Voorwaarden aan komst bursalenstelsel
Er mag alleen een bursalenstelsel komen, als er een duidelijk onderscheid komt tussen betaalde promovendi, die onderwijs geven en bursalen (studentpromovendi) die dit niet doen.
En de invoering van het bursalenstelsel mag niet ten koste gaan van het aantal docenten in het hoger onderwijs. Tevens dient de regering de Tweede Kamer na invoering van het bursalenstelsel op de hoogte te houden van de effecten van het toelaten van bursalen en de beschikbaarheid van universitair docenten.
De Tweede Kamer is vanmiddag akkoord gegaan met een motie van Kamerlid Jesse Klaver (GroenLinks), waarin deze voorwaarden staan. Een motie van Kamerleden Tanja Jadnanansing (PvdA) en Jasper Van Dijk (SP) met het verzoek om het bursalenstelsel helemaal niet in te voeren, werd door de indieners aangehouden.

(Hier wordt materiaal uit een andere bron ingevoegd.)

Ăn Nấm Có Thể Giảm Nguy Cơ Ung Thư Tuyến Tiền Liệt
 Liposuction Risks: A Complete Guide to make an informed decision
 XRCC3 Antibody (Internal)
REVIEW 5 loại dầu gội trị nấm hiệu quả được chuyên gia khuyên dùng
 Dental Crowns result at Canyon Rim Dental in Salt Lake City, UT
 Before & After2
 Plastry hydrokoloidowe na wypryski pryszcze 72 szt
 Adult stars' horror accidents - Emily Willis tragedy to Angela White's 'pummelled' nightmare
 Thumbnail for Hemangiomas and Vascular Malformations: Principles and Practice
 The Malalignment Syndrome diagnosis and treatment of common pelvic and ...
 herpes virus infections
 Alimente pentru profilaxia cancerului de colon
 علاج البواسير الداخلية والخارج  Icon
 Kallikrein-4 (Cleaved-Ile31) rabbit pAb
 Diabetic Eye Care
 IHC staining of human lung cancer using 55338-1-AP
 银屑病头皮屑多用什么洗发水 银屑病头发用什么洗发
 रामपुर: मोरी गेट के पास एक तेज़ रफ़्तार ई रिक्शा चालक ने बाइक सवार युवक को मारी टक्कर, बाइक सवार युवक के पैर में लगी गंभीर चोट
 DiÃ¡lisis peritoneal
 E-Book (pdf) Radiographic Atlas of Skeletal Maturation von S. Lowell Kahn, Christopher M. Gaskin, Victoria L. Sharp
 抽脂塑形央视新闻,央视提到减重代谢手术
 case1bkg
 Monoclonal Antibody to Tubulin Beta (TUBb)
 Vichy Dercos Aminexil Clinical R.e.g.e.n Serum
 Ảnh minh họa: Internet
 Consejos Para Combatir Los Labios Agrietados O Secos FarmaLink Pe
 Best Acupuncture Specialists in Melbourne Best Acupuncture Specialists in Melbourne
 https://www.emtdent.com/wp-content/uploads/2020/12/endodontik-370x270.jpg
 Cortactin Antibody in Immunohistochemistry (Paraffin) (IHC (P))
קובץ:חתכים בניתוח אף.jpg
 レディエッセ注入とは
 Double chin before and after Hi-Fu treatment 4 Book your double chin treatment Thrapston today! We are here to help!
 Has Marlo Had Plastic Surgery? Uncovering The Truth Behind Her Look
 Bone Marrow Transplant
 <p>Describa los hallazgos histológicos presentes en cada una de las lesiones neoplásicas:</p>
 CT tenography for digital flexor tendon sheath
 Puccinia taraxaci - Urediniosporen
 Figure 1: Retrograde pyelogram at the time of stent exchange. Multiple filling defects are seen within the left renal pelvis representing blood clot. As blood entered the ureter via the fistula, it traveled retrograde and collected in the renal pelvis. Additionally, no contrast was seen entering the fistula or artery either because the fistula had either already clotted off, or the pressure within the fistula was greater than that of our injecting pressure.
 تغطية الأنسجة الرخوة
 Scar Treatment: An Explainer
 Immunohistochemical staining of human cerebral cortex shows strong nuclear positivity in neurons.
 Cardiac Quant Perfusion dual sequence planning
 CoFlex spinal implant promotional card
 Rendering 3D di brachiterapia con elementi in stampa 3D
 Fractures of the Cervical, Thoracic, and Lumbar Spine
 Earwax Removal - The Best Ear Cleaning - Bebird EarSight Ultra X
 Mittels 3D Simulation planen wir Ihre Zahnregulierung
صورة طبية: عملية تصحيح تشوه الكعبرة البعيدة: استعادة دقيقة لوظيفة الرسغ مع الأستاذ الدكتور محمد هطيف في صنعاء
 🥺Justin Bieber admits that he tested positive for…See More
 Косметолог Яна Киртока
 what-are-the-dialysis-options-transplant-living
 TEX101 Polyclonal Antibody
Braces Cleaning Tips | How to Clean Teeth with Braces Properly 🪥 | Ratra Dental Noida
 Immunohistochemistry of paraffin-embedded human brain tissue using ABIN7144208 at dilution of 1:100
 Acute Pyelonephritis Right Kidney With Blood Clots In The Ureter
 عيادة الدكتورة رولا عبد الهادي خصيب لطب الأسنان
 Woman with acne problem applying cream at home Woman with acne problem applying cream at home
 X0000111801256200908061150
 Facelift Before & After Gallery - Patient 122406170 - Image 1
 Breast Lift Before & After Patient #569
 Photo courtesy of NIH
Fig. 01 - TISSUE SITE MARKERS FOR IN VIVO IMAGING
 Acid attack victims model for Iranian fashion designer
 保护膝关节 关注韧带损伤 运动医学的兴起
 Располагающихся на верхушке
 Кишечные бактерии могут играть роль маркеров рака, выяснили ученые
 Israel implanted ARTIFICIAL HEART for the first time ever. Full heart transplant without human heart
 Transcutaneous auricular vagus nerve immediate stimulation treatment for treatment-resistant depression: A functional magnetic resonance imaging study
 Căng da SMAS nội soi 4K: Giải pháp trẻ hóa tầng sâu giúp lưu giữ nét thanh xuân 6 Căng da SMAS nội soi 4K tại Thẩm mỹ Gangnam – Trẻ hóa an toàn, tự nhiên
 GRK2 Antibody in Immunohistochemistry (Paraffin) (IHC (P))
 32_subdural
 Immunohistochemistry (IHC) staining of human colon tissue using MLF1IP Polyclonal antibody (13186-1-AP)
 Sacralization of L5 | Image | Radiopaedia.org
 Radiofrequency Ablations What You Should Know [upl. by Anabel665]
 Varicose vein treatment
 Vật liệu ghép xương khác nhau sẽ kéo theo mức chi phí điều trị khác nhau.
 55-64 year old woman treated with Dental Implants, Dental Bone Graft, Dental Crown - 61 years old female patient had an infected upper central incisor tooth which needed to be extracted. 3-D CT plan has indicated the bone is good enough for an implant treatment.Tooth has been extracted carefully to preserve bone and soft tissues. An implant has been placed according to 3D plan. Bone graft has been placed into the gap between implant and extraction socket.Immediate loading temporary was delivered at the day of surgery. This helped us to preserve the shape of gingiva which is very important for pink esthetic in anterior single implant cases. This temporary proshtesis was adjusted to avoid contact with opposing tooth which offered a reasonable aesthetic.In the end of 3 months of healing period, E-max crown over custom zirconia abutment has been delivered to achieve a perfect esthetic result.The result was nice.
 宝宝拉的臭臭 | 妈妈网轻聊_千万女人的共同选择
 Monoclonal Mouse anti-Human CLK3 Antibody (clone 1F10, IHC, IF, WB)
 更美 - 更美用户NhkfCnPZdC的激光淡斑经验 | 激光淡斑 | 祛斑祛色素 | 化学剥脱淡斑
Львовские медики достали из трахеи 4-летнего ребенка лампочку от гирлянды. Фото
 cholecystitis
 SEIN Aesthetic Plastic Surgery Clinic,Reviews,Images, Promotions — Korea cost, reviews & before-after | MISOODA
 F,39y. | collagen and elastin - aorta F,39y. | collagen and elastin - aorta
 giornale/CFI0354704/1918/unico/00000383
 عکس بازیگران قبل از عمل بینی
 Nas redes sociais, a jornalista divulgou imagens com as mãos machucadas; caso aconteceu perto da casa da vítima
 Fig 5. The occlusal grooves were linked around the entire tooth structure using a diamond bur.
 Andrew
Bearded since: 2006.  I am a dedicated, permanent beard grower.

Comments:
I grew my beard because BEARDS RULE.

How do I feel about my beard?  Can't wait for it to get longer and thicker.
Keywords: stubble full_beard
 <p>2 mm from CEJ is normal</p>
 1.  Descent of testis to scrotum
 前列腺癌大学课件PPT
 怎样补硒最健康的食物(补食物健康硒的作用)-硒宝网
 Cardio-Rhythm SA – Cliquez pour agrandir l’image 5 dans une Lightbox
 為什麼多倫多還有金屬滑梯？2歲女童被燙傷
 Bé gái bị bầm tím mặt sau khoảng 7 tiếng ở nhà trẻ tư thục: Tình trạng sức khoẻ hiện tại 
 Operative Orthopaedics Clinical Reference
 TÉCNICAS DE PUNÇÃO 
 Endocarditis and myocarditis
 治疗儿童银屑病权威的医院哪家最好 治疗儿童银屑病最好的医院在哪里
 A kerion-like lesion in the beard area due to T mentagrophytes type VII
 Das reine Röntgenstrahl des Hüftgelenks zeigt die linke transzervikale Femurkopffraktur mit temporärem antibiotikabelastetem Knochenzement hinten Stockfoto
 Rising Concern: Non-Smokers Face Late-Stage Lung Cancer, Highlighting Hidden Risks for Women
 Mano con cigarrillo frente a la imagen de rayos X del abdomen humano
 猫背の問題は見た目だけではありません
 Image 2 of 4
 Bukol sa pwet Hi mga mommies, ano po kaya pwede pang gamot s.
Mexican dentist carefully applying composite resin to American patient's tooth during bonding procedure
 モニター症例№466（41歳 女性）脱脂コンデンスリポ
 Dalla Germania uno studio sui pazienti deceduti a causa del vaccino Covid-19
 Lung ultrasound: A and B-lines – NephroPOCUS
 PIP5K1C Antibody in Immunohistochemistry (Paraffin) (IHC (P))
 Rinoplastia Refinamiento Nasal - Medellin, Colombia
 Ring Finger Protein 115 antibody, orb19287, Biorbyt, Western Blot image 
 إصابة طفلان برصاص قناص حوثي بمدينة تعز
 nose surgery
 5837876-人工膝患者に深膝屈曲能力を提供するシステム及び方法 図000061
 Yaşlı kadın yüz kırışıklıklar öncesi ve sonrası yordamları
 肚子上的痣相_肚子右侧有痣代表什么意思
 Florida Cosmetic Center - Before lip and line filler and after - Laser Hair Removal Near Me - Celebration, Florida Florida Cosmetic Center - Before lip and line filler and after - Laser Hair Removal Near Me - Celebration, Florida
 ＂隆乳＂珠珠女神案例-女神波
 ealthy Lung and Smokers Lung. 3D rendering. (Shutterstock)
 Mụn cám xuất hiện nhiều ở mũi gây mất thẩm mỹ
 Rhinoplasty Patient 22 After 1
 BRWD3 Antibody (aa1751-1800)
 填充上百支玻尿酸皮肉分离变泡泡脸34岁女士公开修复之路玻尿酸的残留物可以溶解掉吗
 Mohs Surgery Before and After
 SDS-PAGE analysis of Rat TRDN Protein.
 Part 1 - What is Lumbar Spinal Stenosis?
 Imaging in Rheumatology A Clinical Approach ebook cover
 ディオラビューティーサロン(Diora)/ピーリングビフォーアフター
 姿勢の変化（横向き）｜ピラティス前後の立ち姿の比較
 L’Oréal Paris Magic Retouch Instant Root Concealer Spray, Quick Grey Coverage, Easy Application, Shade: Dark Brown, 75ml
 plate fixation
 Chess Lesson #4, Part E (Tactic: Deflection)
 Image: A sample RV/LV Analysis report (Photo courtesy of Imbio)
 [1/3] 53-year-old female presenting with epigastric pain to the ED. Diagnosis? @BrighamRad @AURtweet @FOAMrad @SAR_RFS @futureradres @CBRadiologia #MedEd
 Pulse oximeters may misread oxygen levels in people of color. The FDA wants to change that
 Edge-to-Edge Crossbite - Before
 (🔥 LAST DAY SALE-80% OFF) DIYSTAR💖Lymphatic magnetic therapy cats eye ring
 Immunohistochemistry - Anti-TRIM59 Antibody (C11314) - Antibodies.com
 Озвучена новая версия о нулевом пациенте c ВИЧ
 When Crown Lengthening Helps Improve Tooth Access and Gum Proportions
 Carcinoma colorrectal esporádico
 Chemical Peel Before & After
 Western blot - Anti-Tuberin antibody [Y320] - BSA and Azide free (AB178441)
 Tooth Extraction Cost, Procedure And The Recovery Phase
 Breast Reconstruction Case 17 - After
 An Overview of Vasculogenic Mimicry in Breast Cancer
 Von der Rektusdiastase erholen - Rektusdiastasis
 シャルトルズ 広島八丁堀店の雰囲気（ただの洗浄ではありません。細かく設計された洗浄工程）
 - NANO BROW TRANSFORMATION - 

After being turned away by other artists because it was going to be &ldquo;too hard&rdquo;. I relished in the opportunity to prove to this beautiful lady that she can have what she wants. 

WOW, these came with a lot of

Dat de motie van Jesse Klaver is aangenomen, wil niet zeggen dat het bursalenstelsel er definitief komt. De SP en de PvdA hielden hun motie om strategische overwegingen aan. Kamerlid Jasper van Dijk legt dat besluit in een reactie aan Univers uit. “In 2008 heeft een meerderheid van de Tweede kamer ingestemd met een motie over promovendi. Alleen de PVV was toen tegen. Maar de VVD en CDA zijn als coalitiepartij inmiddels van standpunt veranderd. We hadden niet de indruk dat er nu een meerderheid voor onze nieuwe motie zou zijn en een eenmaal afgestemde motie, mag later niet opnieuw worden ingediend. We gaan nu met CDA en VVD praten.” Mogelijk dienen de politici hun verzoek wel opnieuw in, als het politieke tij gunstiger is.